• [EXERCISE DESCRIPTION]: Drop every picture and copy exactly the lines from the one with "Mohawk Home Modern" through the last line of the listing below.

• [DATASET RECORDS]:
_ _ _ _ _
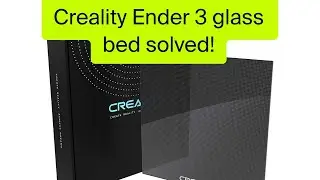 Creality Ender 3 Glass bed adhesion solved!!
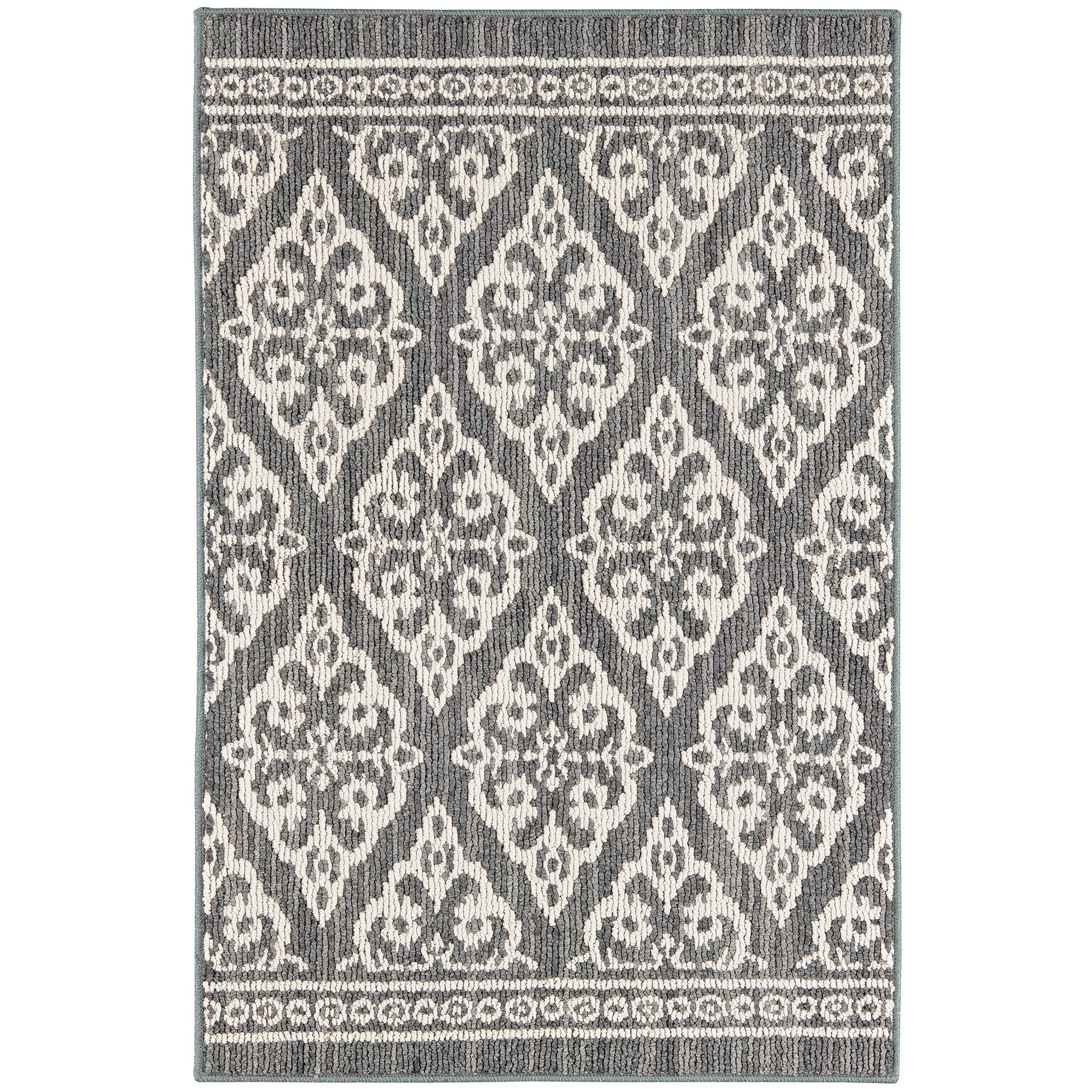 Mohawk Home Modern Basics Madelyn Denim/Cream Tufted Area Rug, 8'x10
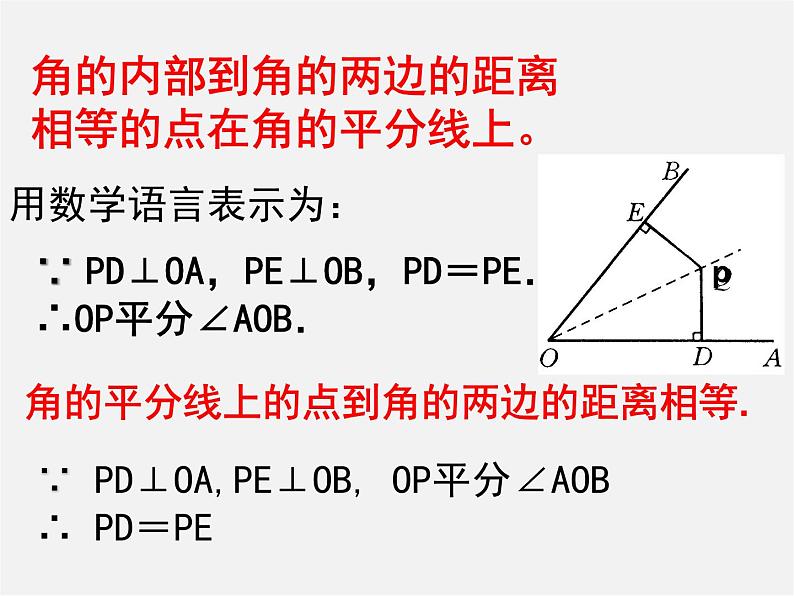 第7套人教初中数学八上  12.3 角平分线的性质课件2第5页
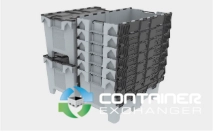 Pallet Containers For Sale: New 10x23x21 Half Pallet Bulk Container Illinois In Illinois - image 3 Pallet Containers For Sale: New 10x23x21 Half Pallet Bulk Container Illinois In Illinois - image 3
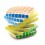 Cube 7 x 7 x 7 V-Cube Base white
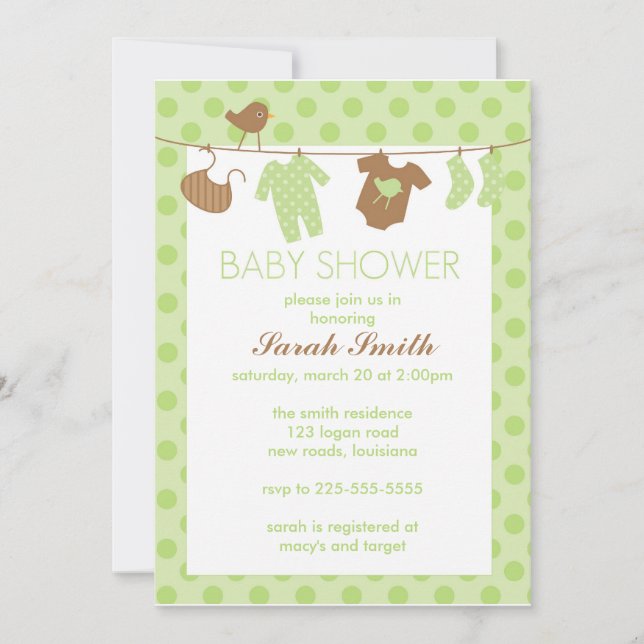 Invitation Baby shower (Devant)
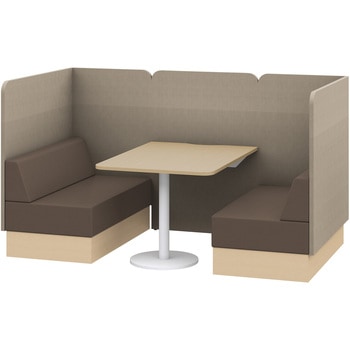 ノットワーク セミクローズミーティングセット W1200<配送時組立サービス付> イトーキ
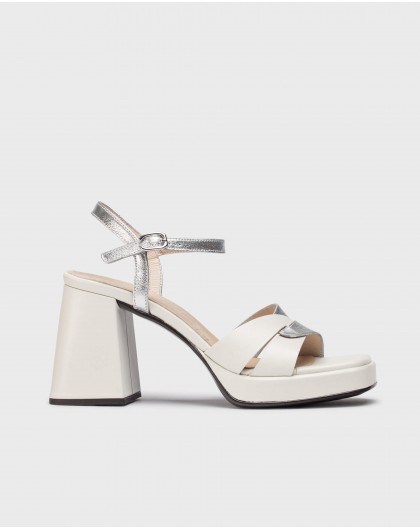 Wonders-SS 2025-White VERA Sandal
_ _ _ _ _
• [FINISHED TASK]:
 Mohawk Home Modern Basics Madelyn Denim/Cream Tufted Area Rug, 8'x10
 第7套人教初中数学八上  12.3 角平分线的性质课件2第5页
 Pallet Containers For Sale: New 10x23x21 Half Pallet Bulk Container Illinois In Illinois - image 3 Pallet Containers For Sale: New 10x23x21 Half Pallet Bulk Container Illinois In Illinois - image 3
 Cube 7 x 7 x 7 V-Cube Base white
 Invitation Baby shower (Devant)
 ノットワーク セミクローズミーティングセット W1200<配送時組立サービス付> イトーキ
 Wonders-SS 2025-White VERA Sandal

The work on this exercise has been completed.